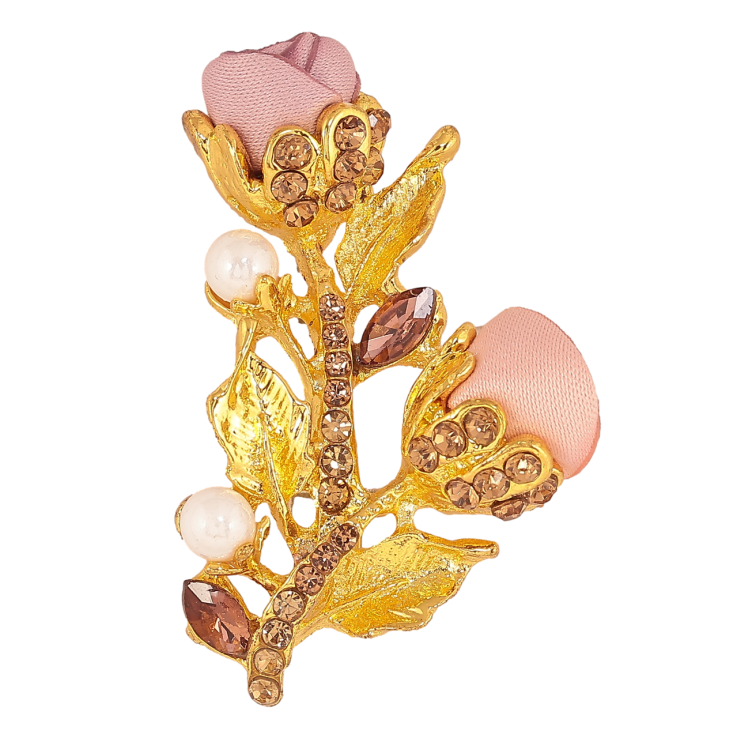 Брошь Розовые цветочки со стразами фото №13 Брошь Розовые цветочки со стразами фото №13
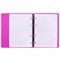 Тетрадь на кольцах А5 175х220 мм, 120 л., пластик, с резинкой, BRAUBERG, Розовый, 404622 404622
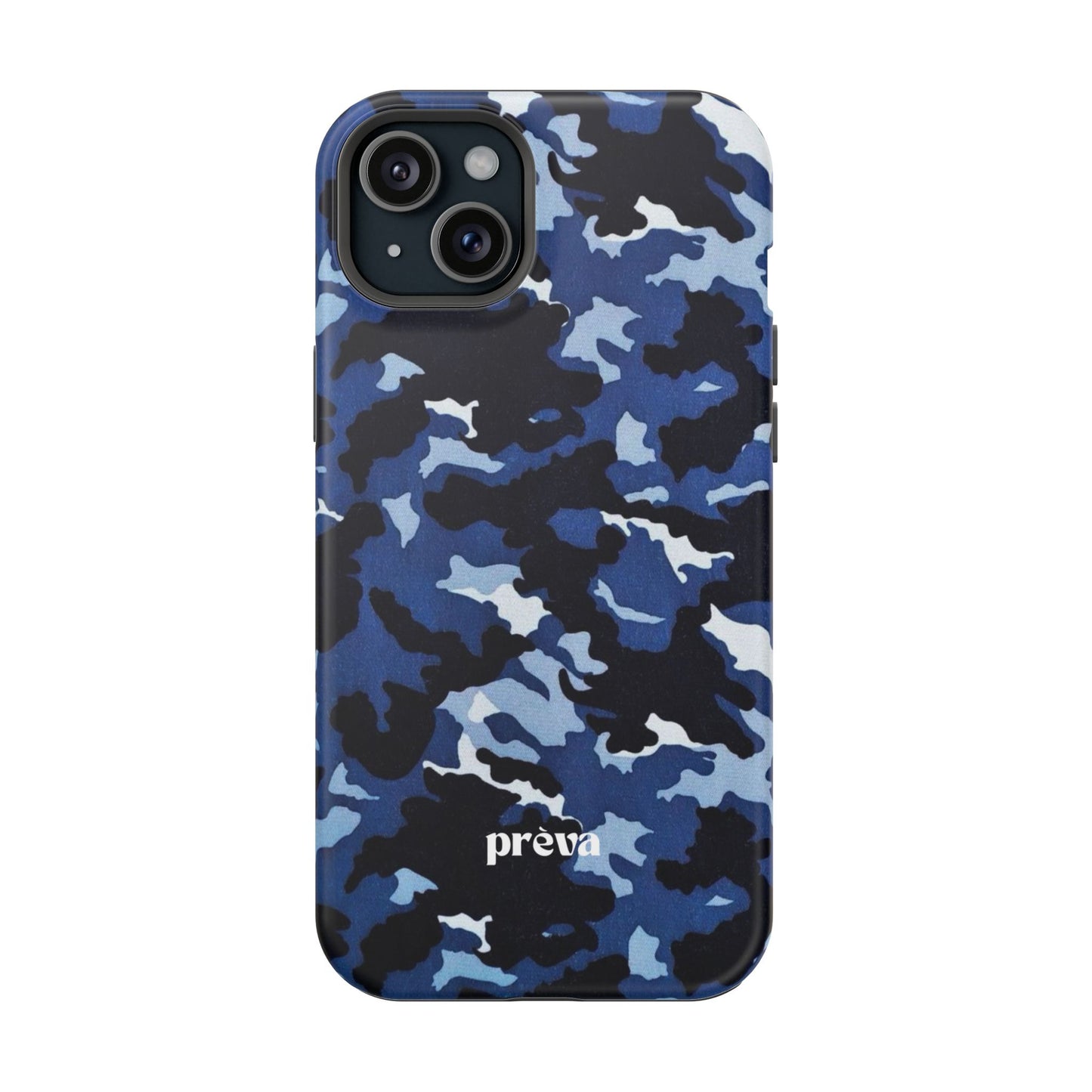 Blue Camo Phone Case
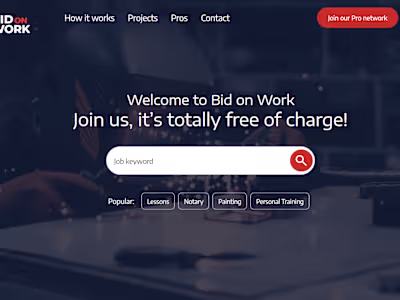 Bid on Work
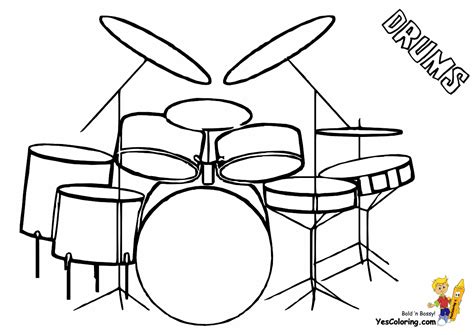 Easy Drum Drawing Newstrenscoloring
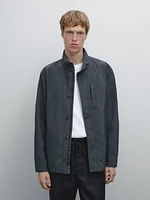 Technical fabric jacket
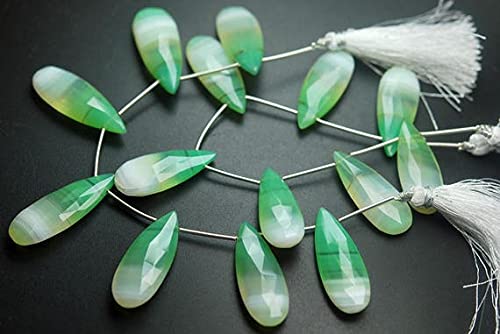 Chalcédoine verte, perles poires intemporelles pour transmettre vos plus belles émotions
====================
Give back exactly the lines from the one with "Easy Drum Drawing Newstrenscoloring" through the end of the records above, inclusive, and omit any pictures.

 Easy Drum Drawing Newstrenscoloring
 Technical fabric jacket
 Chalcédoine verte, perles poires intemporelles pour transmettre vos plus belles émotions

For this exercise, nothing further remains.